Shifting creases barricade a sweet, cohesive form And unannounced, allies renounce in grunts and shouts "We've found our war." And train their sons and daughters properly. Point A must always meet point B unless a line divides a means. Gods and kings alike have seen geometric anomalies. But blindness became optional. So soft stays soft, but hard hangs aloft in a rarely realized realm. This is where shapes coagulate and forge a frame to surround the obvious. A safe place where faces fade with the static collection of dust. "But I said, but i said what were the parameters? You left them undefined. And hence the confusion." "oh. So sorry to keep you hanging. You had something to say, so spit it out." "Um, when I first slipped in I felt my resolve weakening. So, what's the slippery coating?" You try you cha-rye you triangulate coordinates into an arbitrary archetype. And that's why you slide so easily.

zodiac 19-Jun-04/12:45 PM
PS-Here is an example of a point A and point B which don't 'meet':

.A

.B

Therefore, points A and B do not always meet. In fact, the only way I can imagine two points 'meeting' is if they are the same point (in which case, a line couldn't 'divide' them).

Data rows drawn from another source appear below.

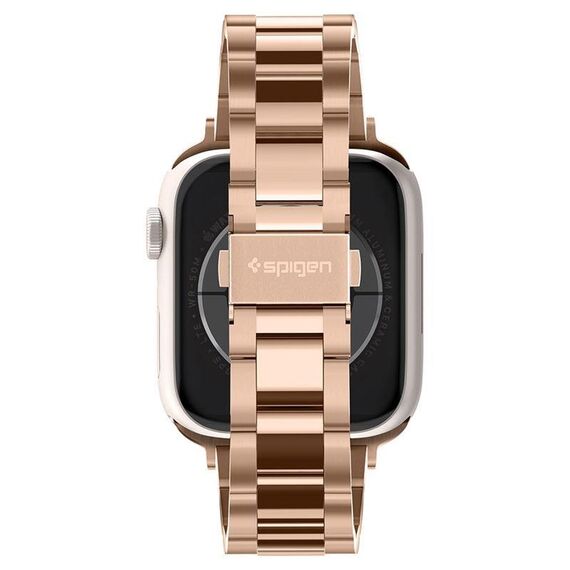 Spigen Modern Fit Band for Apple Watch 4/5/6/7/8/SE (38/40/41 mm) - Rose Gold | Techbox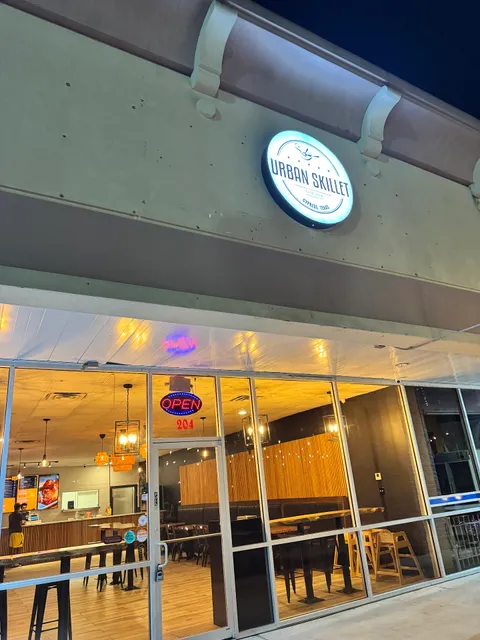 Urban Skillet Cypress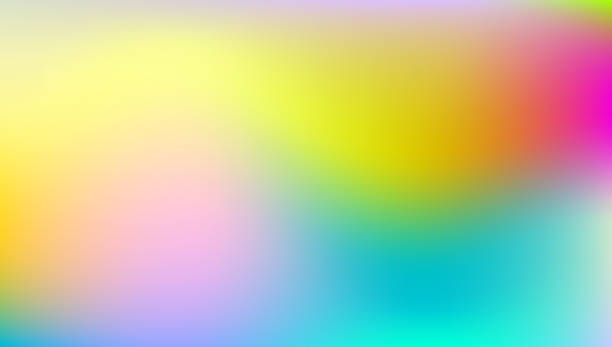 istock Pearlescent Background. Plastic Card. Neon Glitter. Holographic Texture. Iridescent Texture. Pink Retro Gradient. Pop Creative Illustration. Vintage Flyer. Blue Pearlescent Background 2152621273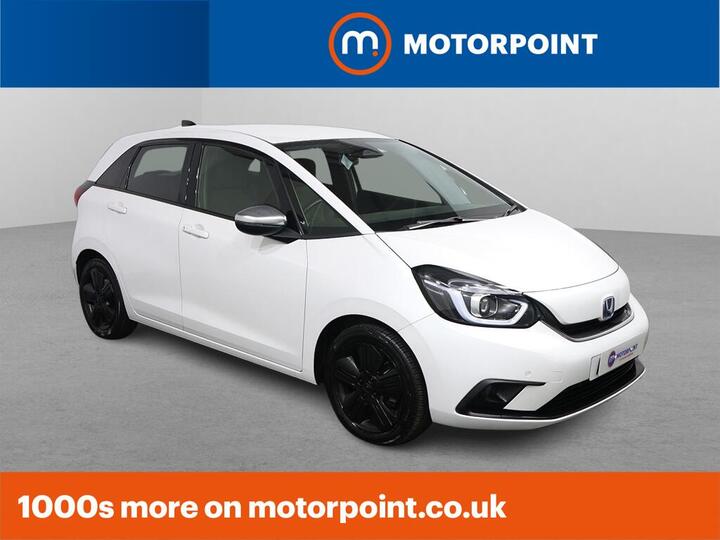 Honda Jazz 1.5 H I-MMD EX ECVT Euro 6 (s/s) 5dr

I'm not trying to be some lunatic math bigot; it's just that you seem to have thought it would be cool and smart-sounding to throw some math-talk into your poem without considering how most mathy expressions (such as 'always') have very precise definitions. If you're going to play math games in your poems, you have to do it right, else your poem will be wrong and sound like crap to most sensible people, whatever else you've put in it. This is not arguable, no returns times infinity.